TraveLife Editor-in-Chief

PASAIA, BASQUE COUNTRY, SPAIN — In this tiny backwater fishing port that opens up to the Atlantic’s Bay of Biscay, Canadian and Basque history intersect at a small maritime museum that is hoping to recreate the past.

“Pardon the noise but the men are working very hard today,” says Mikel Leoz as he leads me through a large workshop connected to the Sea Factory of the Basques Albaola Museum where workmen are using primitive tools to shape a giant wooden beam balancing on a workbench horse.

“As you can see, the new San Juan is really starting to take shape,” says Leoz, the man overseeing an ambitious project to build a replica of an ancient whaling ship known as the San Juan, which sailed from here in the 16th century for Newfoundland but never returned.

“The San Juan sank off Newfoundland (actually the southern coast of Labrador’s Saddle Island) in 1565,” says Leoz. “Then in 1978, thanks to the research efforts of renowned Canadian historian and geographer Selma Huxley Barkham, Parks Canada divers found the (skeleton) remains of the San Juan in the waters near the town of Red Bay.

“The ship’s keel was well preserved (it’s believed it was protected for centuries under a massive iceberg), and because of that we were able to get exact specifications of the original ship, from which we are building the replica,” says the enthusiastic man.

Red Bay has a long history with Basque fishermen — between 1530 and the 17th century the small town served as an important Basque whaling station. And because several whaling galleons and four small chalupas boats used to spear the whales during that time have been recovered in Red Bay, UNESCO saw fit to designate the isolated Canadian community a World Heritage Site in 2013.

Pictures of Red Bay residents adorn a wall of the Basque museum. “These people are our friends, our brothers because they share our history,” Leoz tells me.

No one died in the sinking of the San Juan, which had a crew of about 60 men at the time. “It was caught in a storm and sank when its anchor chain broke. Some of its cargo was actually recovered later.

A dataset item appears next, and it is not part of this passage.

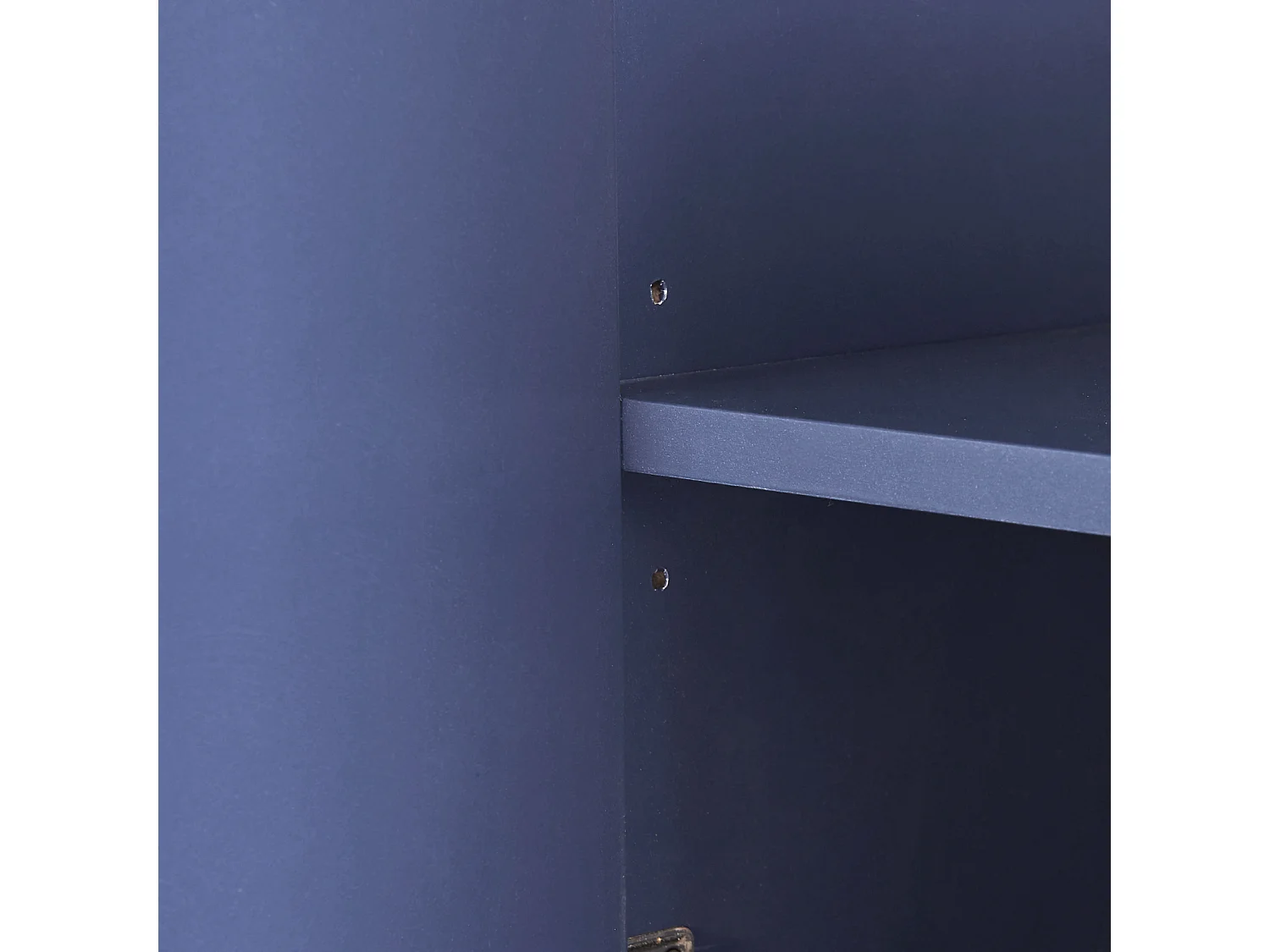 Lage dressoir, keukenkast met 4 deuren en verstelbare planken, voor eetkamer, woonkamer, blauw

The partial remains of the ship that the Parks Canada divers found are now on display in a Newfoundland museum,” says Leoz, who adds that while there is little documentation on the San Juan, it is believed it was on its third voyage to Red Bay before slipping below the waves.

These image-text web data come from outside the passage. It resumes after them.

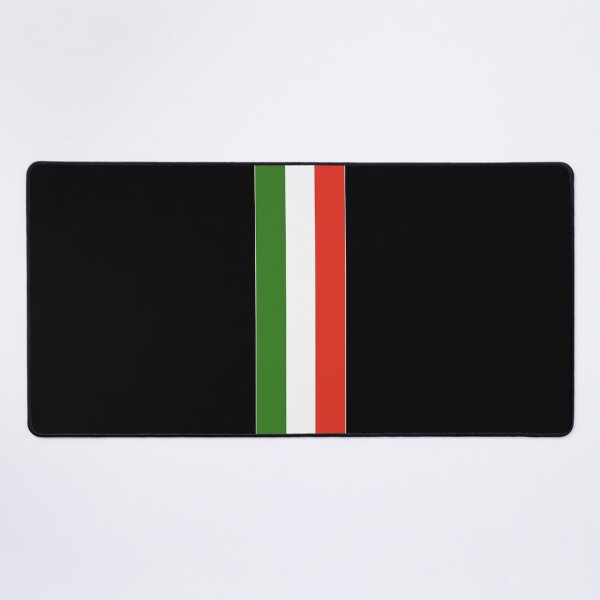 Artikelvorschau, Rennstreifen, europäisch, italienisch, schwarzer Hintergrund (mit dünner weißer Umrandung) entworfen und verkauft von Racing Stripes Only.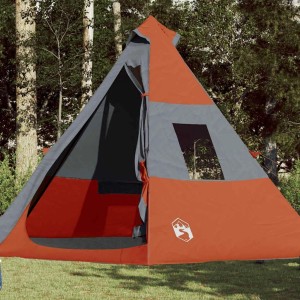 vidaXL Tipi-Campingzelt 7 Personen Orange Wasserdicht 94429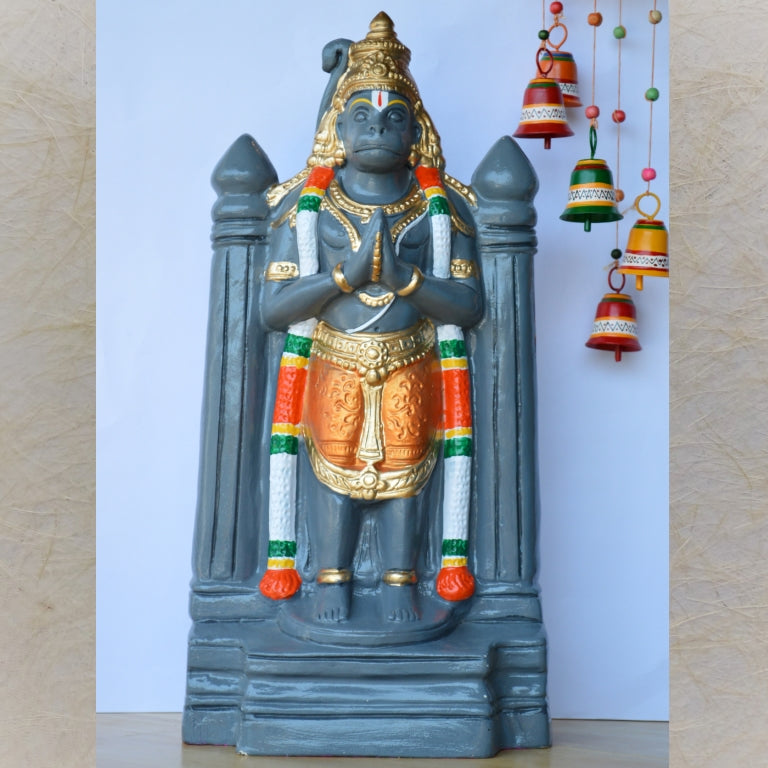 Namakkal Anjaneyar Hanuman Golu doll with a prayerful stance, garland, and intricate detailing in traditional colors, ideal for Navarathri celebrations.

Leoz is as much an historian as he is a ship builder and has researched the Basque people’s connection with whaling thoroughly.

“It’s truly a fascinating part of our (Basque) history,” says the man whose greying beard makes him look like a sea captain of yesteryear. “The whale oil was used for lamps and in the making of soap.”

After whale stocks depleted off the Spanish and French coasts in the early part of the 16th century, the Basque began hearing about fertile waters off “Terra Nova.”

“So they set sail (a journey of 6,300 kilometres that took between two and three months to complete) and couldn’t believe what they found when they arrived — Red Bay was teaming with whales,” says an excited Leoz.

“The Basque were able to survive because they befriended the native people of Red Bay and taught them many Basque words. In fact, when French explorers like Jacques Cartier and Samuel de Champlain landed in Newfoundland, the indigenous people greeted them using Basque words like ania (brother) because they thought all Europeans spoke Basque.”

Leoz proudly shows me around the compact museum which features displays showing the techniques the Basque used to harpoon the whales. Large wooden barrels used to store the precious whale oil are also displayed throughout the museum —each barrel could hold more than 180 kilograms of whale oil.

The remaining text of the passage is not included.